“Yes,” said Phoena, “but we want quality, not quantity.”
But though the boys applauded this remark, they nevertheless felt that there was something, too, to be said for Di’s argument.
“Go on, you girls,” said Jack, “we must discuss this by ourselves.”
“I do wonder how they’ll settle it,” said Fay, who was sorely divided in her mind as to which course would prove best to produce peace and concord. She would have been far more troubled had she guessed the resolution regarding the punishment to be inflicted on Andrew which had been decided upon.
“The execution of the sentence must take place after dinner,” Jack had ruled, “and in the meanwhile none of us must cast so much as a single glance at the renegade knight, commonly known as Andrew Durand.”
And so rigorously did they all obey this command, that when after dinner all the boys disappeared, leaving Andrew alone, he was so tired of being sent to Coventry, that he quite hailed Hubert’s return as the bearer of a formal citation. This was to summon him to appear before his co-knights to answer certain charges against him.

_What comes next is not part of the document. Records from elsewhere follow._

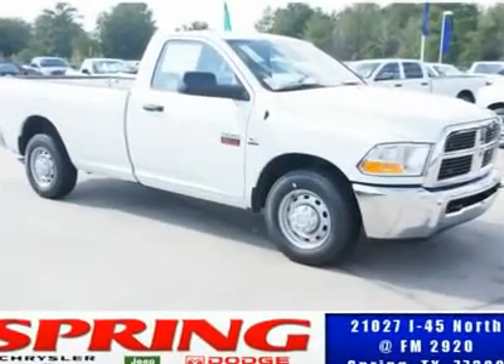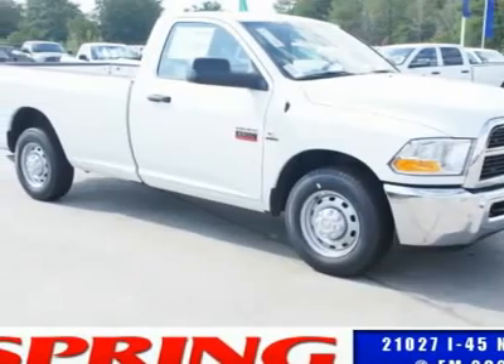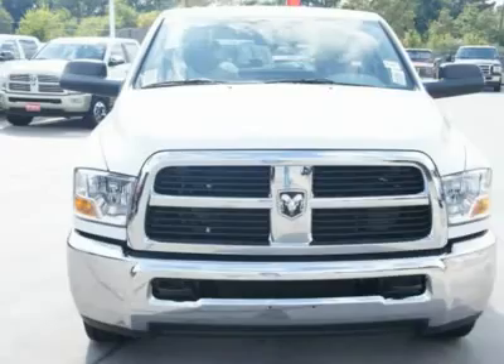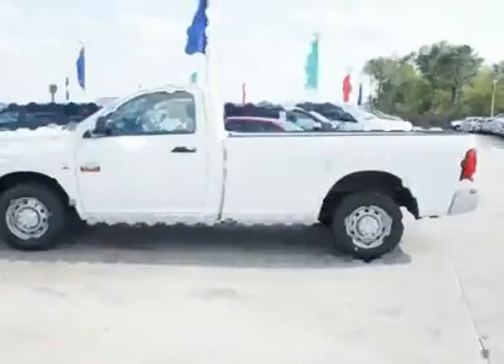You'll love this 2012 Ram 2500. This is a car you'll want to take home. With 1 mile, it features automatic transmission and an exterior color of bright white. Call us and be the first to open the car door today.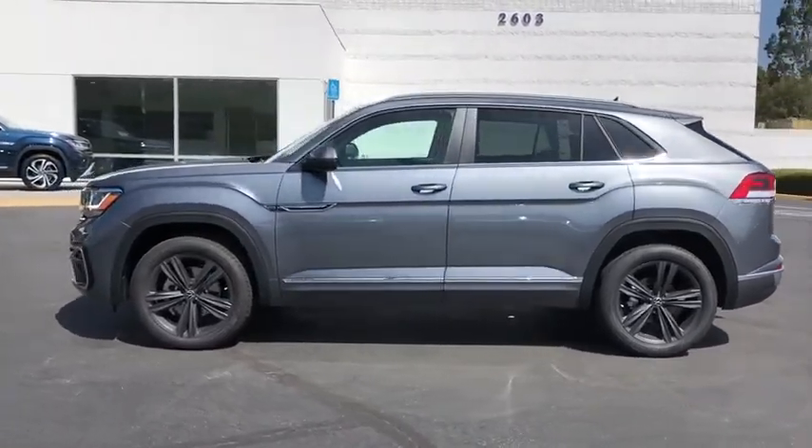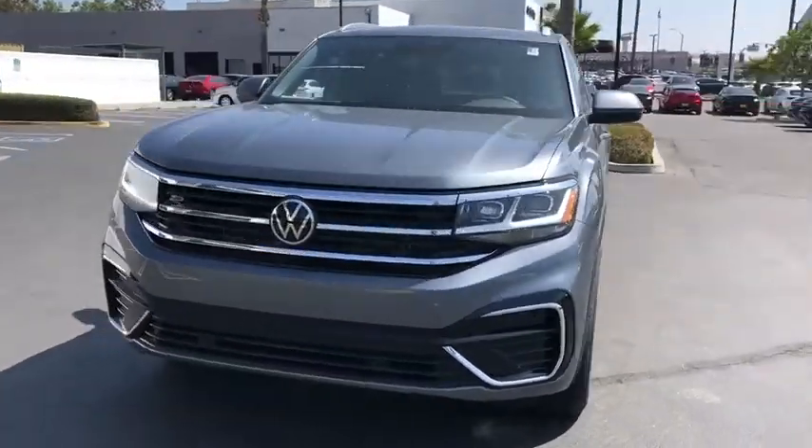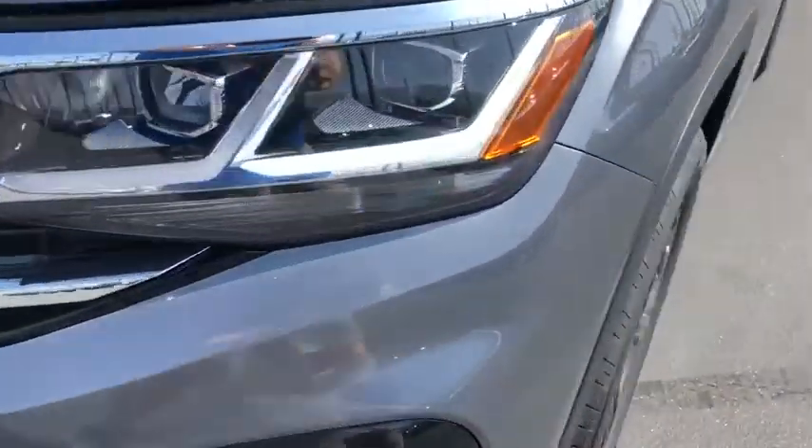Power liftgate, traction control, dual airbags, power steering, four-wheel disc brakes, fog lights, power windows, electronic stability control, rear window defroster, compass.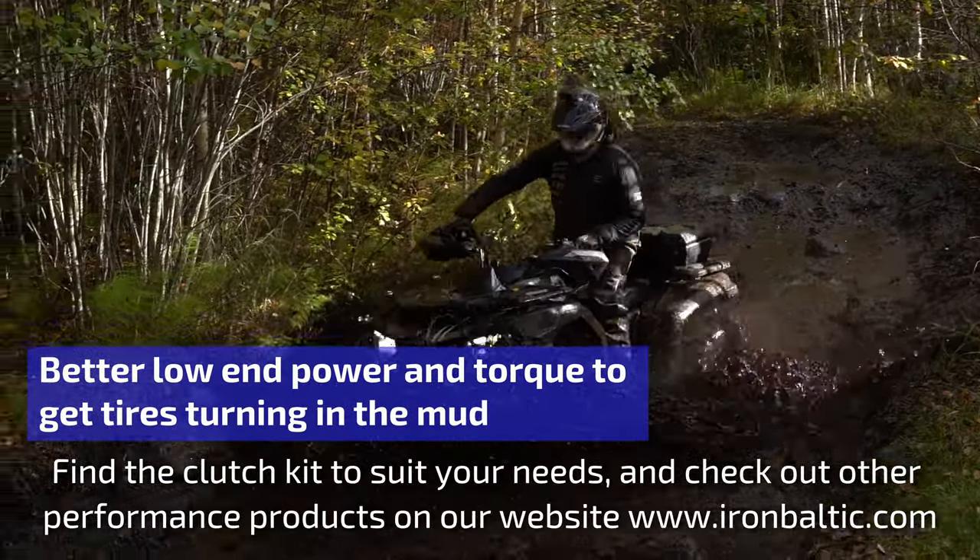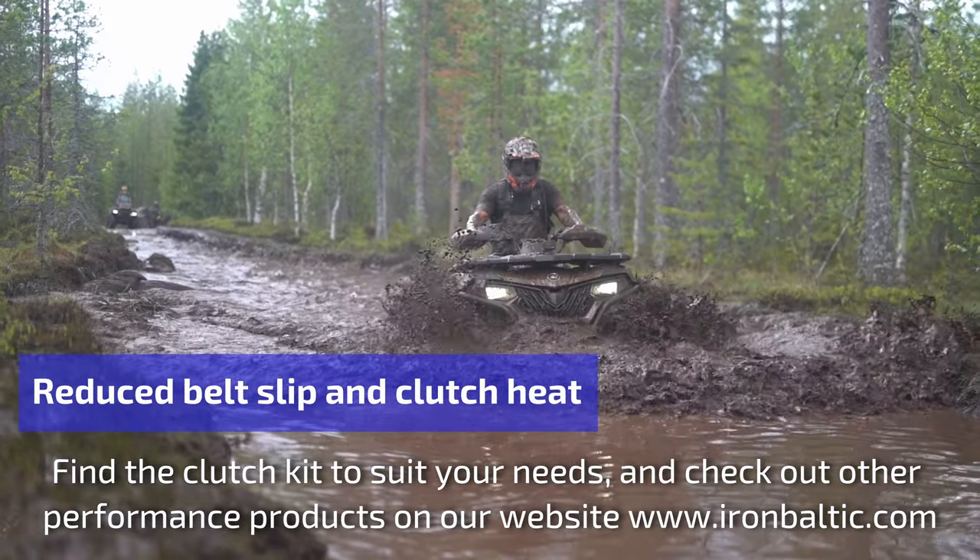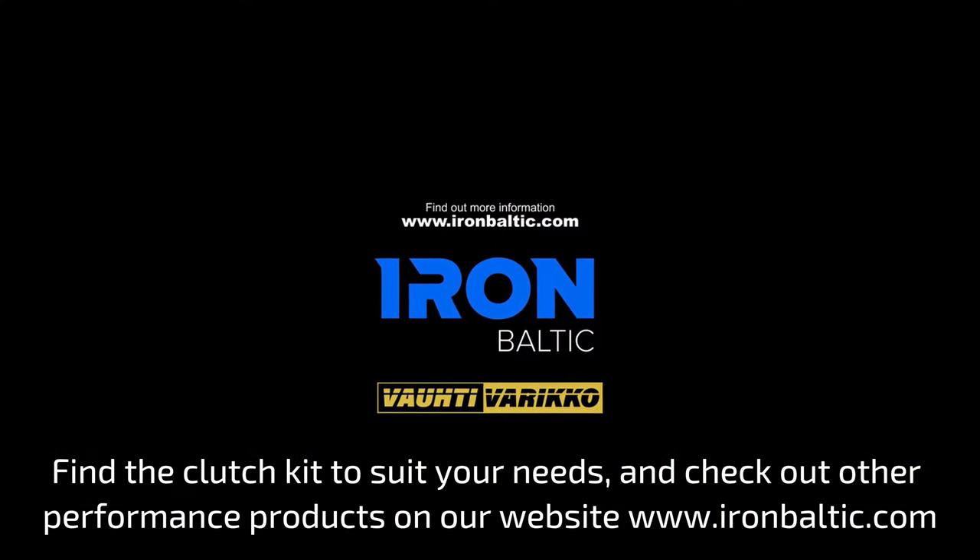Find the clutch kit to suit your needs and check out other performance products on our website: www.ironbaltic.com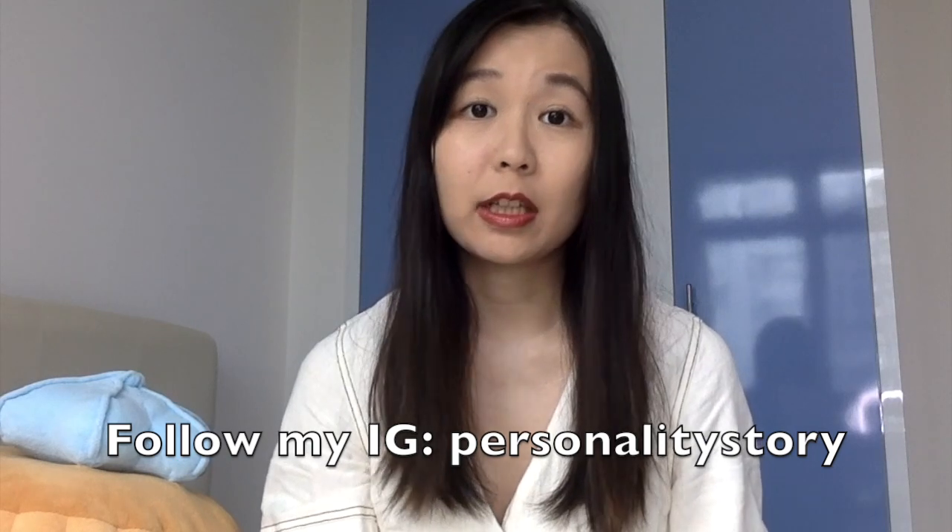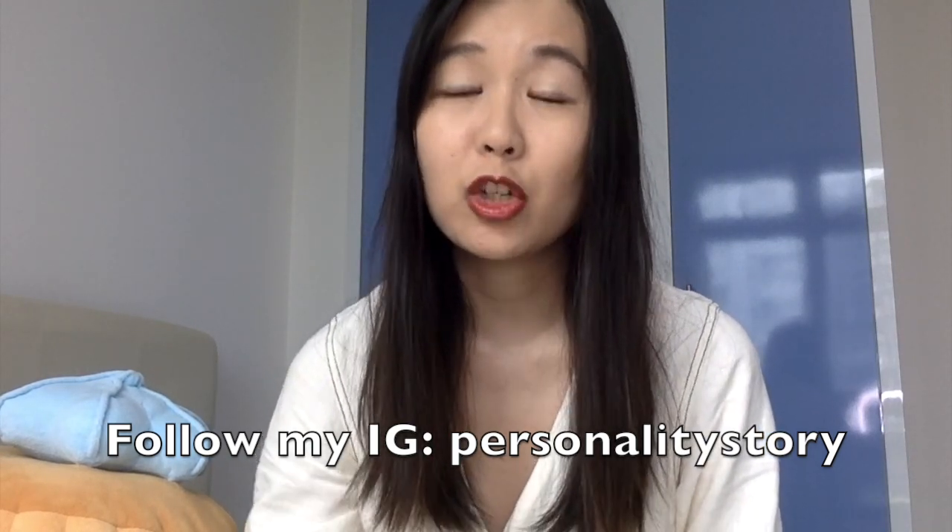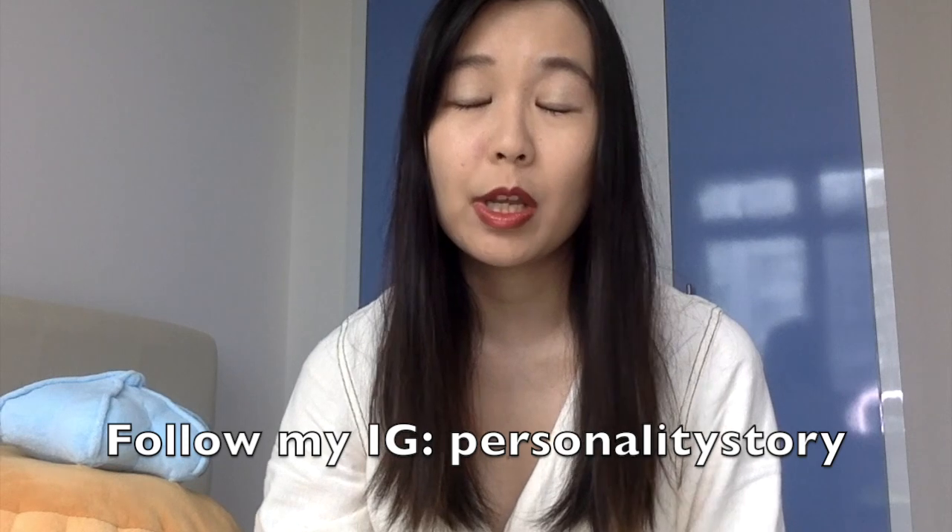Today I'm going to be talking about easy ways to differentiate INFPs from INFJs. I did a poll on my Instagram account at personality story, asking whether people have any challenges differentiating between the INFP and INFJ in real life, and I got about 50/50, so I decided to make this video to hopefully help you differentiate them without much challenge.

“What do you mean, you little donkey?” cried Andrew, impatiently, as Hubert was conscientiously but laboriously delivering himself of his errand, “I was just going out butterfly hunting, and I can’t stop here for ever listening to your rotten message.”
“You’ve got to come down to the river-meadow,” said Hubert, punctuating each word with a nod of his head, “and if you don’t come dreckly they’ll come and fetch you.”
“I shall come when it suits me,” was Andrew’s reply.
“He’s trying to be cock-lofty,” was Hubert’s report to those who sent him, “but I believe he is coming all the same.”